Mountlake Terrace’s federal lobbyist said the city’s latest RAISE grant application failed because USDOT’s economists judged the city’s projected downtown growth implausible, and reported that a congressional earmark request for $2.5 million was cut to $850,000.

Mountlake Terrace’s federal lobbyist told the City Council on Nov. 6 that the city will continue pressing for changes to federal grant criteria after a recent RAISE application was denied and a congressional earmark for the community center was reduced.

Jake Johnston of the Johnson Group said Mountlake Terrace helped secure a post‑2021 change that steered more U.S. Department of Transportation discretionary awards toward communities with populations under 200,000 and that the city aims to extend that threshold across other federal discretionary programs. He said a transportation reauthorization bill next year is a key opportunity to write that change into more programs.

Johnston said the city applied for a RAISE (formerly BUILD) grant this year and advanced through score panels until USDOT’s economics team evaluated the applications’ benefit‑cost analyses (BCA).
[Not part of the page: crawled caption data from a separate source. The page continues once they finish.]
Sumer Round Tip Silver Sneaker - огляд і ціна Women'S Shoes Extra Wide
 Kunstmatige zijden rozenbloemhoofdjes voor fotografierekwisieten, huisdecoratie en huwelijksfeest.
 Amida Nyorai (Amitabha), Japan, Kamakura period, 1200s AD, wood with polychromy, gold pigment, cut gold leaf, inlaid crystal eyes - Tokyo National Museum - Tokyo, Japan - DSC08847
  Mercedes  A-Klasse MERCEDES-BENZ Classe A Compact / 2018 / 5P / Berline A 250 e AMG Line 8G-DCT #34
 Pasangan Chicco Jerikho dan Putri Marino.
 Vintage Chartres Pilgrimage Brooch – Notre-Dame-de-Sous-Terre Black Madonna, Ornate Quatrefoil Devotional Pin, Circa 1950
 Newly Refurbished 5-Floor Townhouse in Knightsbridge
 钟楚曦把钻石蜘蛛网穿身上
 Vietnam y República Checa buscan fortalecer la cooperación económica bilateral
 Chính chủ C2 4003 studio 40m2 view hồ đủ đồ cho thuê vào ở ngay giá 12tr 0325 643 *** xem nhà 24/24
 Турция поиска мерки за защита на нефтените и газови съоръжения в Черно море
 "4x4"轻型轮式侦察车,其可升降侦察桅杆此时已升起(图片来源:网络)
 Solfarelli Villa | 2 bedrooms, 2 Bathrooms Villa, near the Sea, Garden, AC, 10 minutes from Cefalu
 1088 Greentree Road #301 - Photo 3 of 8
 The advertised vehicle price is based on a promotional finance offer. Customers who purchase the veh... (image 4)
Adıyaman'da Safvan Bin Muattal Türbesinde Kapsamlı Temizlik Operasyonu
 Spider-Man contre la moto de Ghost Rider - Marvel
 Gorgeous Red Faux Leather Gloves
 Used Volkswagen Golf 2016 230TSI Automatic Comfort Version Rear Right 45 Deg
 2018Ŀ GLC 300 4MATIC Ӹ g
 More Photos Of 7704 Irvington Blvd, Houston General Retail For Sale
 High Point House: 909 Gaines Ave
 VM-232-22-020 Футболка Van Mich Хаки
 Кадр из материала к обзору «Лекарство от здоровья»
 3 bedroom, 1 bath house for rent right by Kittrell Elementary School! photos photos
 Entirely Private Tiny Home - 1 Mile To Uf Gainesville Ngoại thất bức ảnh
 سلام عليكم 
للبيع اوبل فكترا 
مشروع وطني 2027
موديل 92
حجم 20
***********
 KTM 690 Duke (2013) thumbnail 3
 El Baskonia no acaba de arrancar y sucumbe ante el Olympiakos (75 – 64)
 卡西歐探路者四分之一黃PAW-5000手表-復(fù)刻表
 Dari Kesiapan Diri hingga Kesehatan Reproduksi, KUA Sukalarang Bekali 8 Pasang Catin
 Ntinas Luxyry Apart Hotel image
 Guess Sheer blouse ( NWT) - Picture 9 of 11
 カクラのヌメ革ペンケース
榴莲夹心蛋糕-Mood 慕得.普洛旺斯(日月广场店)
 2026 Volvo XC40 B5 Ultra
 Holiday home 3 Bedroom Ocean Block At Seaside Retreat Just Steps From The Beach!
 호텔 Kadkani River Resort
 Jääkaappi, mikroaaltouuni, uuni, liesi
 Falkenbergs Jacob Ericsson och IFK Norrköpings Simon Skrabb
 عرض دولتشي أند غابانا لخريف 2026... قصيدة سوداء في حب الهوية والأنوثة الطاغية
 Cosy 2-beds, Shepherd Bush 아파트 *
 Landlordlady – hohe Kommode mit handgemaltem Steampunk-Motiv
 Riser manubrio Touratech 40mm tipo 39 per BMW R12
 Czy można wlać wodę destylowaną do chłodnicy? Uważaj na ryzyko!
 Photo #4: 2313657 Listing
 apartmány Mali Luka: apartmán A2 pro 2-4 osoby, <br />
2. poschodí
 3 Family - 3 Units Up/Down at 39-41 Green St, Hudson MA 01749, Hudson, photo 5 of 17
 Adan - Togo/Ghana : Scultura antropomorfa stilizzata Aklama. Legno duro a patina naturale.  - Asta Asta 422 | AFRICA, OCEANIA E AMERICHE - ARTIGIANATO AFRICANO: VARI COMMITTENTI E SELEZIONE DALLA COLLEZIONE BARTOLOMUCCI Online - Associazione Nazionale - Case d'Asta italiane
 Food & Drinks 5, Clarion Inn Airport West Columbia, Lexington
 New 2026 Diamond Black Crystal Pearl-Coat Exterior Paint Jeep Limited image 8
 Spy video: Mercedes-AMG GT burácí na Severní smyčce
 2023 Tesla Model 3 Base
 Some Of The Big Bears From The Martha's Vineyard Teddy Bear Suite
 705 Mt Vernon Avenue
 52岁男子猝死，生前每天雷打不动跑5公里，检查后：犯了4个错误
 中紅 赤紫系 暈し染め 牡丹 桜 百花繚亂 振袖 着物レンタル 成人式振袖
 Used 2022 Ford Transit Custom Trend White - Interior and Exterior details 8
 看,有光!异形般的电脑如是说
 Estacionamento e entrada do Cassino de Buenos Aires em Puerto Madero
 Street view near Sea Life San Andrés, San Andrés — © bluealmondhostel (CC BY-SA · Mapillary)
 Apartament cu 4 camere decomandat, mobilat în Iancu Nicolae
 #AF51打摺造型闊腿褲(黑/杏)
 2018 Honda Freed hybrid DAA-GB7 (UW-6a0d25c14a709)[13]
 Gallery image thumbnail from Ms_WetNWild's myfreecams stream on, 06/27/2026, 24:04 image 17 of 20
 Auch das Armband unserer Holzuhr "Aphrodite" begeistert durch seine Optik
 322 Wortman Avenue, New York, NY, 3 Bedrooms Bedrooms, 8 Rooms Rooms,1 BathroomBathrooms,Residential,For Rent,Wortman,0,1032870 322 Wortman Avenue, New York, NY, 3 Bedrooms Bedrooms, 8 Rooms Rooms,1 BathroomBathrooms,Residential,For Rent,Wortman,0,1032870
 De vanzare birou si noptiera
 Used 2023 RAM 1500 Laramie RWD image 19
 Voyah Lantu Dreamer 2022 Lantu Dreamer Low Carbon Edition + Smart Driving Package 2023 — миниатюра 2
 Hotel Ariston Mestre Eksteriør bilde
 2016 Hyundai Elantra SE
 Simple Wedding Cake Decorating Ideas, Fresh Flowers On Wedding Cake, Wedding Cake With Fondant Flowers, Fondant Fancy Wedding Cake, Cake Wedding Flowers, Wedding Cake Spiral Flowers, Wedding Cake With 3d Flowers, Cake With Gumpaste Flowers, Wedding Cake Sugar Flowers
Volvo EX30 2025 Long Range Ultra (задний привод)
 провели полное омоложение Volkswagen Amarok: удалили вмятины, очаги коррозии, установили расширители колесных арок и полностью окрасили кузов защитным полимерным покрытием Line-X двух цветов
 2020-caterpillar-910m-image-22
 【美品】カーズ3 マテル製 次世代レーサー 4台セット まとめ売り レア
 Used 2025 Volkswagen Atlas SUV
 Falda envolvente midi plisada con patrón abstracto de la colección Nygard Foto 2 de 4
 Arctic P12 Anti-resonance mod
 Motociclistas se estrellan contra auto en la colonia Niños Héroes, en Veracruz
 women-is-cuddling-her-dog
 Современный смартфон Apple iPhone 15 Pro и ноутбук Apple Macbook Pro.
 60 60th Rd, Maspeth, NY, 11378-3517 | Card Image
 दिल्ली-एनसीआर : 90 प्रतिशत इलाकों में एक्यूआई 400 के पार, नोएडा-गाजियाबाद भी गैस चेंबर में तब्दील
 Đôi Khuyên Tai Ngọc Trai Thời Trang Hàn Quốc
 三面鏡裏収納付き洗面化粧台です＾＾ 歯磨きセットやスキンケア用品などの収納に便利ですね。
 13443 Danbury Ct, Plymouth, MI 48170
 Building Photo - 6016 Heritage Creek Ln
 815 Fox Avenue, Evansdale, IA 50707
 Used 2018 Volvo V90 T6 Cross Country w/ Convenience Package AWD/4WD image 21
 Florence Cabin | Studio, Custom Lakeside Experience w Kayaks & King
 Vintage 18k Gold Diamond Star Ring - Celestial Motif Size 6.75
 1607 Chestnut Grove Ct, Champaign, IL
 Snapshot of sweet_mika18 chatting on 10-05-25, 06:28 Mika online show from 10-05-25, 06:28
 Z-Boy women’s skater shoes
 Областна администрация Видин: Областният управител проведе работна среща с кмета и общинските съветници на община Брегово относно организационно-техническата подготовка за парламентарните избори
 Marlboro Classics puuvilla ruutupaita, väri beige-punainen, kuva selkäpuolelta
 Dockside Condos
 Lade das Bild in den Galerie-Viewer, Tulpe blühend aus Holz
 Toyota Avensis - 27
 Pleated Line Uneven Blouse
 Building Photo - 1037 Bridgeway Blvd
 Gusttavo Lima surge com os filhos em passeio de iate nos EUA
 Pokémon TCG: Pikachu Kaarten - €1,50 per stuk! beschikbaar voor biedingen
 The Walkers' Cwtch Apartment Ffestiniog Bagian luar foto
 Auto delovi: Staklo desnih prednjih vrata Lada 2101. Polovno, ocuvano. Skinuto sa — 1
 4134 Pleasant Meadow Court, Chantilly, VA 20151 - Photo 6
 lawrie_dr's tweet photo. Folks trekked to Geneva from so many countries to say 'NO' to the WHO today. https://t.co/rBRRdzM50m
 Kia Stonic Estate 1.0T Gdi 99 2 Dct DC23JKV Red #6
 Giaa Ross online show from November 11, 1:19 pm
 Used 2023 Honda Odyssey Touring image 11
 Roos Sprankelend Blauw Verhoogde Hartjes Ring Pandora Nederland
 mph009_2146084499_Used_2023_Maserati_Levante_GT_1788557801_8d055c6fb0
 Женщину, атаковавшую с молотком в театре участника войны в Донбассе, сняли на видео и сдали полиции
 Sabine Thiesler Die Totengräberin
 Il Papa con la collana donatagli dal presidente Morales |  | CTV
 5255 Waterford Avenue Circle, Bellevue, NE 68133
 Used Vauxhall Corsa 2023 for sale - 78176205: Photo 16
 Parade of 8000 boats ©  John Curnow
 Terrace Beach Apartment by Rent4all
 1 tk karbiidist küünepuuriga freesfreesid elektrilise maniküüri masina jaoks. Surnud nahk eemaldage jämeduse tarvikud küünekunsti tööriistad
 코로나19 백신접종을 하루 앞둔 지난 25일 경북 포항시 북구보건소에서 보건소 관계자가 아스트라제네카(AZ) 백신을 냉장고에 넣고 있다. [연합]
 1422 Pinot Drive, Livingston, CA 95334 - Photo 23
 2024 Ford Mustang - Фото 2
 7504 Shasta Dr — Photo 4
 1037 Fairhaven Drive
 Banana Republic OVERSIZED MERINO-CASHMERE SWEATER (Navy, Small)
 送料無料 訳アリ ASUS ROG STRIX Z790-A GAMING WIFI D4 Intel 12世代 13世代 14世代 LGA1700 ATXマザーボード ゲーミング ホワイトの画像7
The team, he said, judged the city’s projected downtown growth “not plausible,” and that assessment was the chief reason the application was not selected for funding.

“The debrief from USDOT’s economics team was clear: we must present ironclad data and multiple corroborating datasets showing project impacts under both build and no‑build scenarios,” Johnston said. He recommended collecting letters from the state of Washington, Snohomish County, the Puget Sound Regional Council (PSRC) and Sound Transit that explicitly address the growth and economic assumptions used in the BCA.

Johnston also updated the council on a congressional earmark request: Rep. Suzan DelBene submitted Mountlake Terrace’s $2,500,000 request for roof and community space improvements to the library building, but the initial appropriations draft now includes $850,000 for the project. Johnston said he and staff will need to decide whether to pursue additional funding next year to complete the project.

Council members asked how the city could make its projections more credible. Johnston and Deputy City Manager Carolyn Hope said staff will pursue the USDOT guidance (two datasets for build/no‑build, common assumptions across project components) and seek targeted letters that address the economic analysis. Johnston urged coordination with other Washington cities and noted the city had already coordinated a 38‑city letter earlier in the year to the state’s congressional delegation.

Johnston cautioned that federal appropriations and agency review processes are politically and technically complex; he said the transportation reauthorization process has historically been bipartisan but that outcomes can change with different congressional and executive branch dynamics.

What happened next: staff said they will evaluate whether to resubmit the RAISE application next year, refine the BCA with additional corroborating data and consider pursuing remaining funding for the community center in future appropriations cycles.

Why it matters: federal discretionary grants and congressional earmarks are primary sources for large local capital projects. The council’s choice to resubmit or pause pursuit of federal funding will affect project schedules and the city’s capital budget planning.